**DATA BELOW**
· · · ·

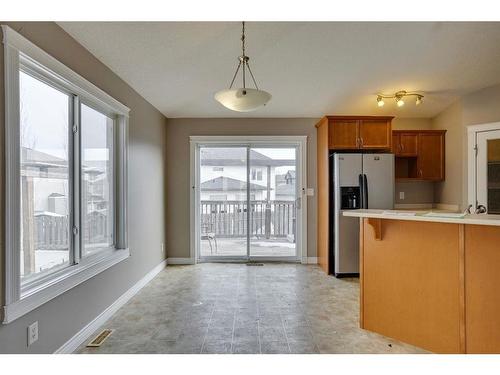 167 Pacific Crescent, Fort Mcmurray, AB - Indoor Photo Showing Kitchen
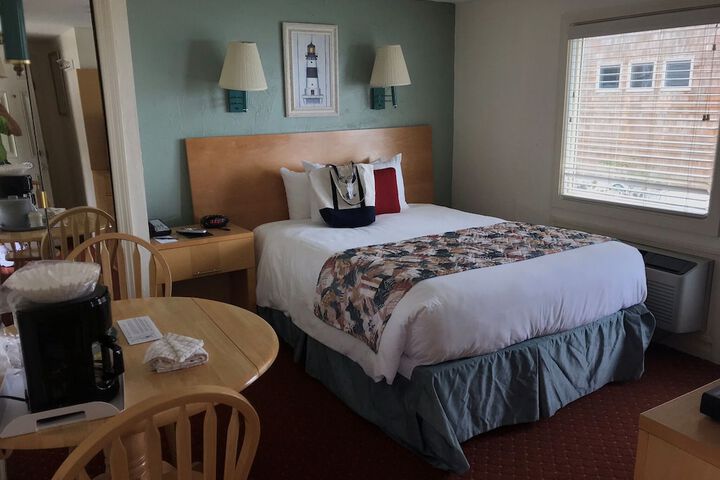The Corsair & Cross Rip Oceanfront Resort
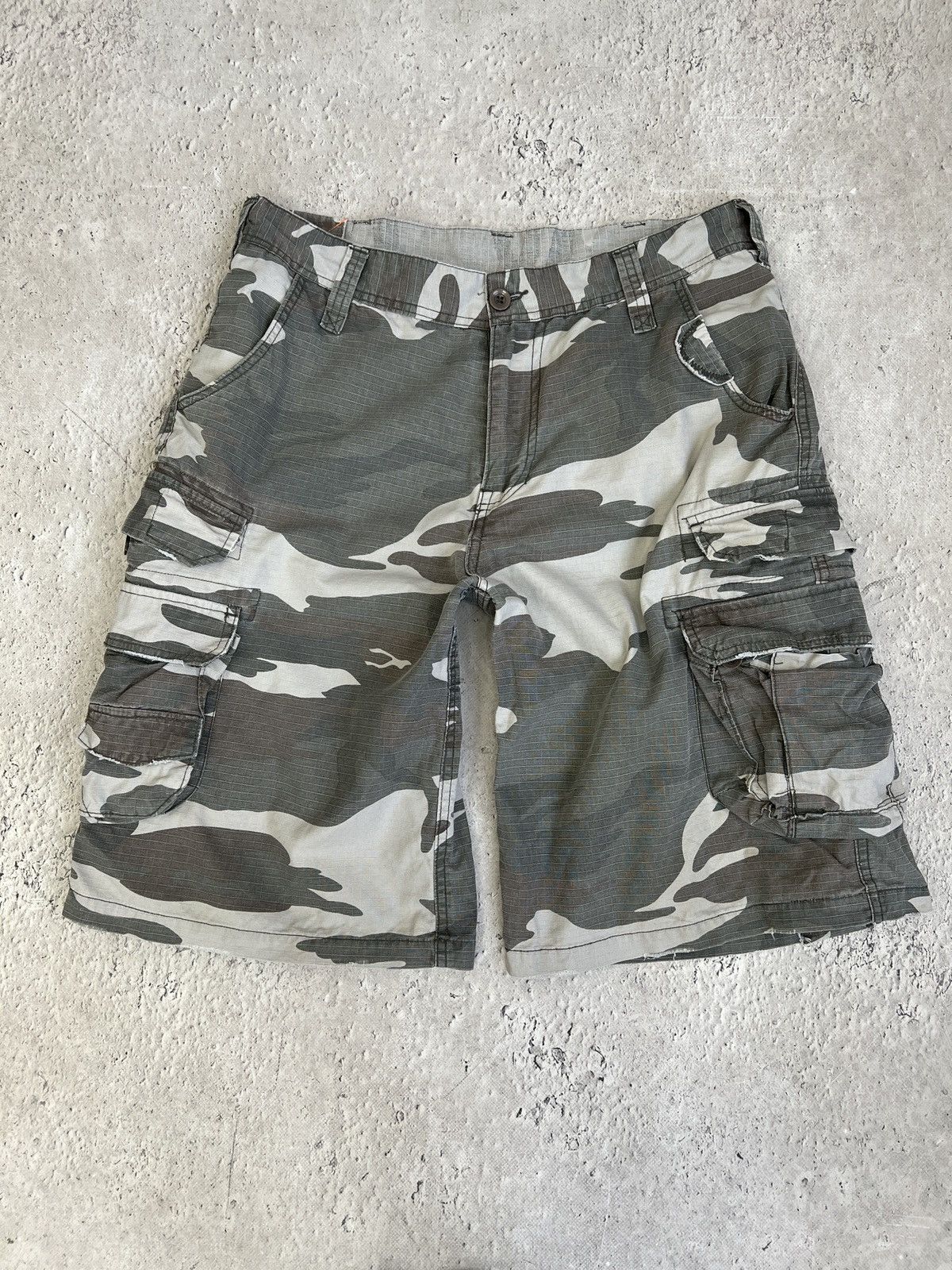 Carhartt Camo Cargo Shorts Military Streetwear Casual Fit Carhartt Size US 32 / EU 48 - 1 Thumbnail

· · · ·

**WHAT NEEDS TO BE DONE**
Repeat the lines above exactly, and keep every picture out.

**WORKED SOLUTION**
 167 Pacific Crescent, Fort Mcmurray, AB - Indoor Photo Showing Kitchen
The Corsair & Cross Rip Oceanfront Resort
 Carhartt Camo Cargo Shorts Military Streetwear Casual Fit Carhartt Size US 32 / EU 48 - 1 Thumbnail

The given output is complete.